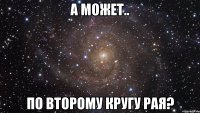 а может.. по второму кругу рая?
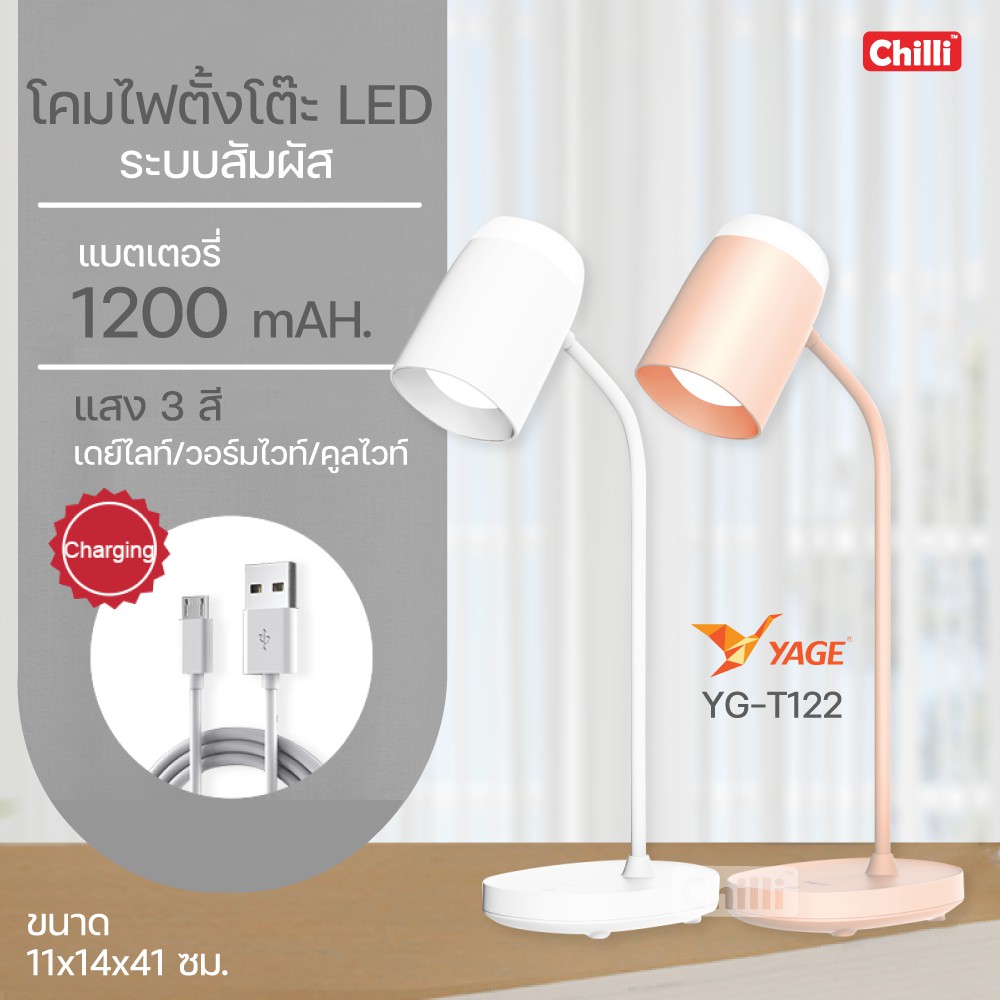 YAGE โคมไฟตั้งโต๊ะLED สามารถปรับแสงได้ 3สี T122 สินค้าแท้ มอก. รับประกัน เสียเปลี่ยนได้ ภายใน 14 วัน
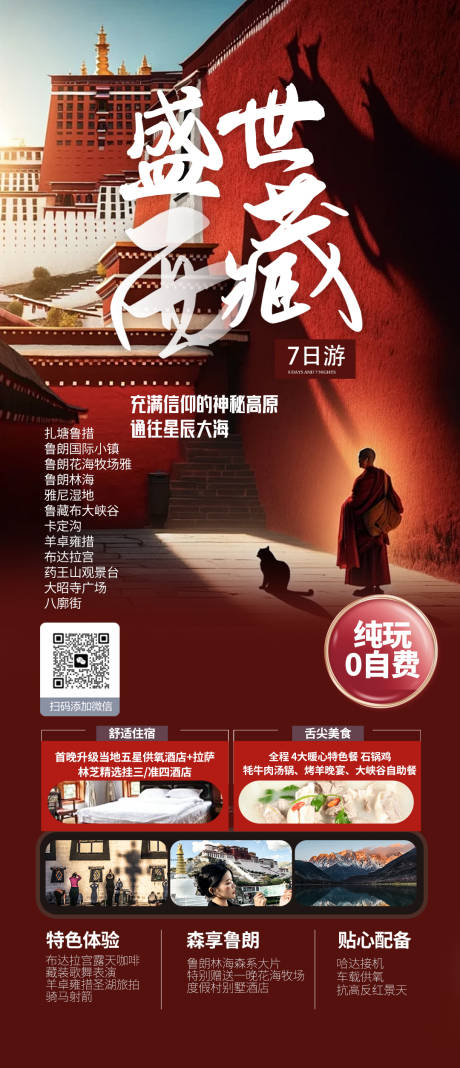 源文件下载【西藏旅游海报】编号：99650021822798927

# [Task instructions]
Whenever images occur above, omit them and retype each line exactly as it stands.

# [Task answer]
 а может.. по второму кругу рая?
 YAGE โคมไฟตั้งโต๊ะLED สามารถปรับแสงได้ 3สี T122 สินค้าแท้ มอก. รับประกัน เสียเปลี่ยนได้ ภายใน 14 วัน
 源文件下载【西藏旅游海报】编号：99650021822798927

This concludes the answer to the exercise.